* TASK GOAL:
Could you copy out all of the records below exactly, leaving out every picture?

Short descriptive text snippets
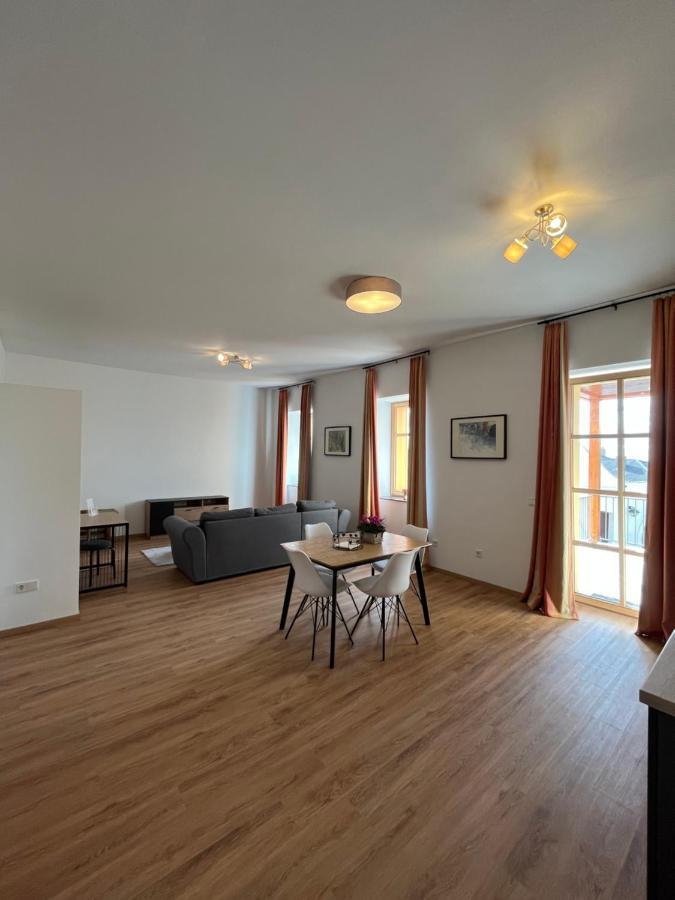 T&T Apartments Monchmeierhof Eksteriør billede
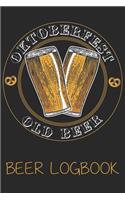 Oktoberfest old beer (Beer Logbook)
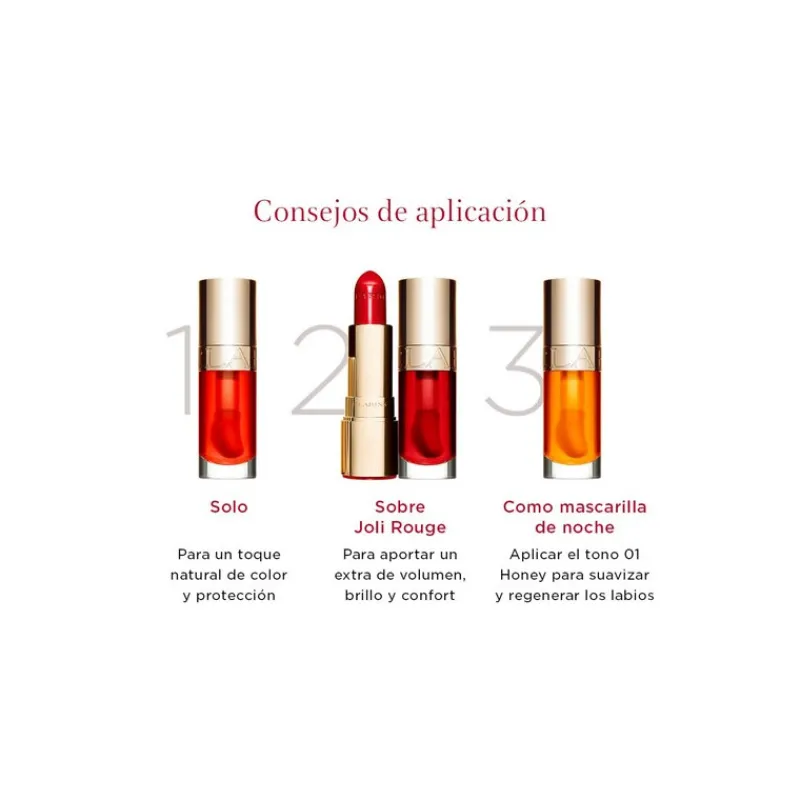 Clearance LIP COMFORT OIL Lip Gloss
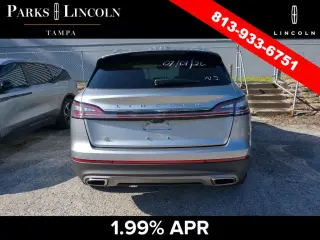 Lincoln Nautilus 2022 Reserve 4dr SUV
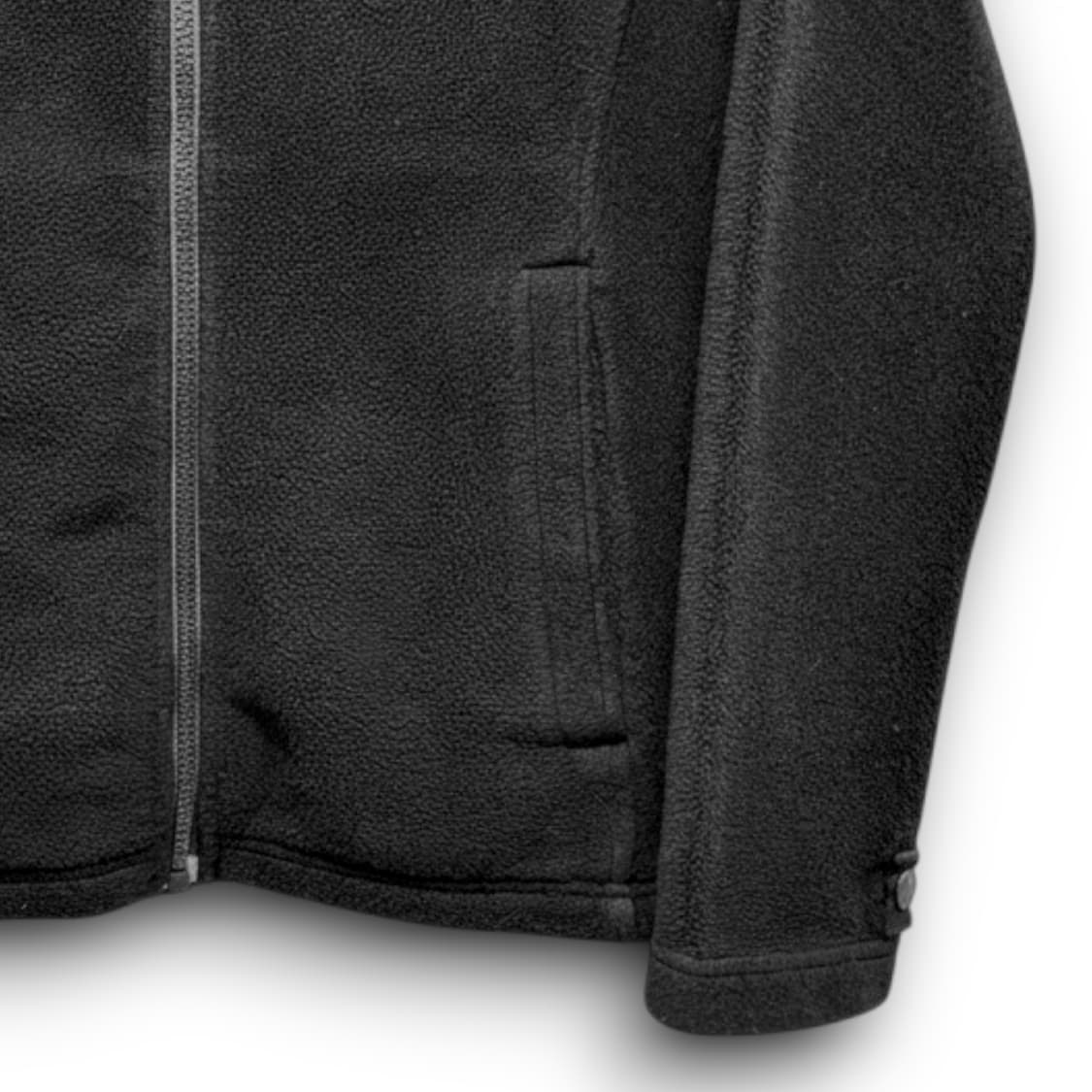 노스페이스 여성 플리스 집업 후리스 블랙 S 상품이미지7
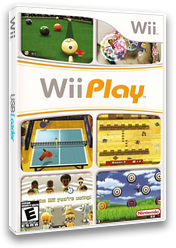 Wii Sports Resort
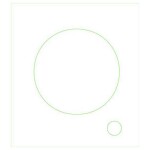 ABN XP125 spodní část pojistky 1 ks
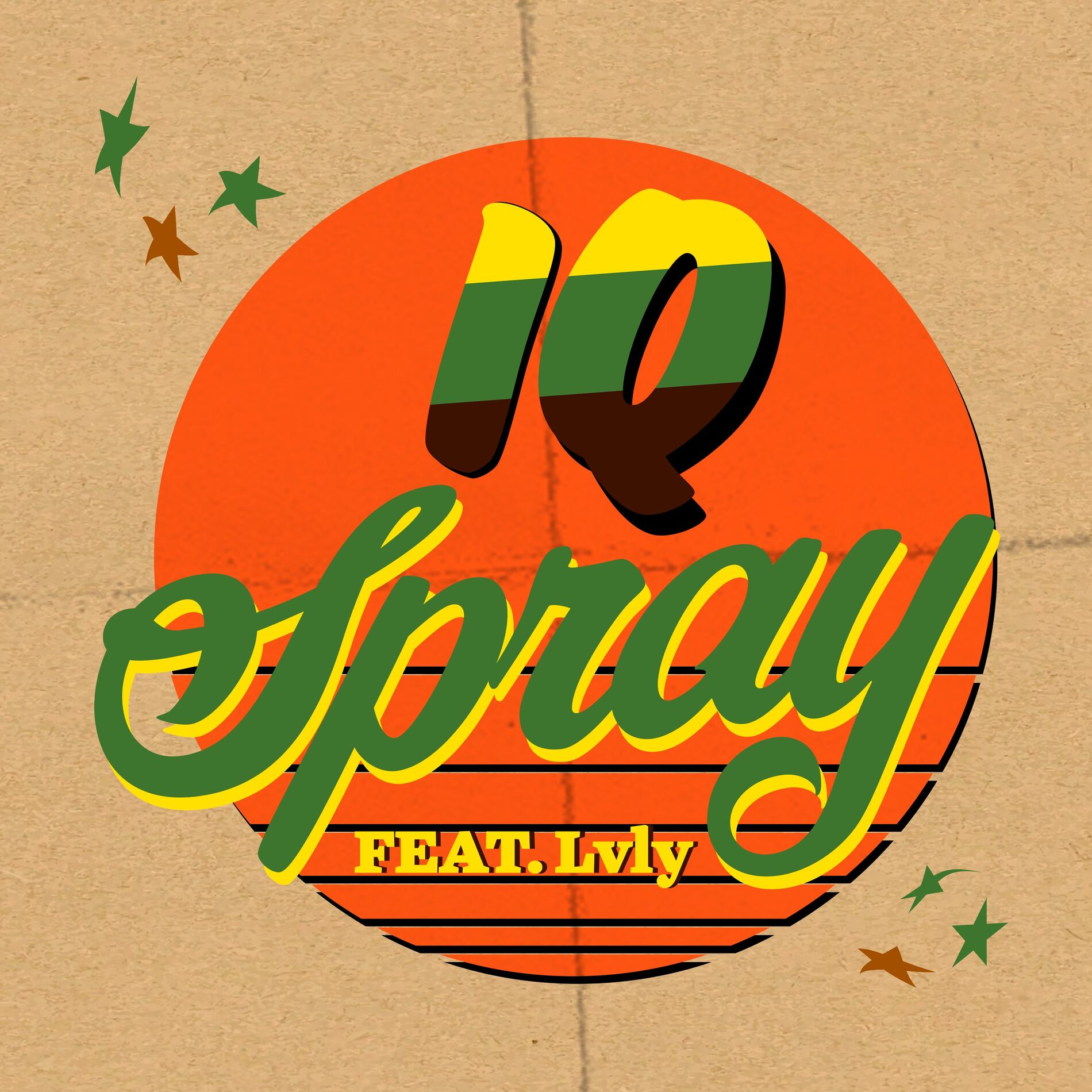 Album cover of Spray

* OUTPUT BELOW:
 T&T Apartments Monchmeierhof Eksteriør billede
 Oktoberfest old beer (Beer Logbook)
 Clearance LIP COMFORT OIL Lip Gloss
 Lincoln Nautilus 2022 Reserve 4dr SUV
 노스페이스 여성 플리스 집업 후리스 블랙 S 상품이미지7
 Wii Sports Resort
 ABN XP125 spodní část pojistky 1 ks
 Album cover of Spray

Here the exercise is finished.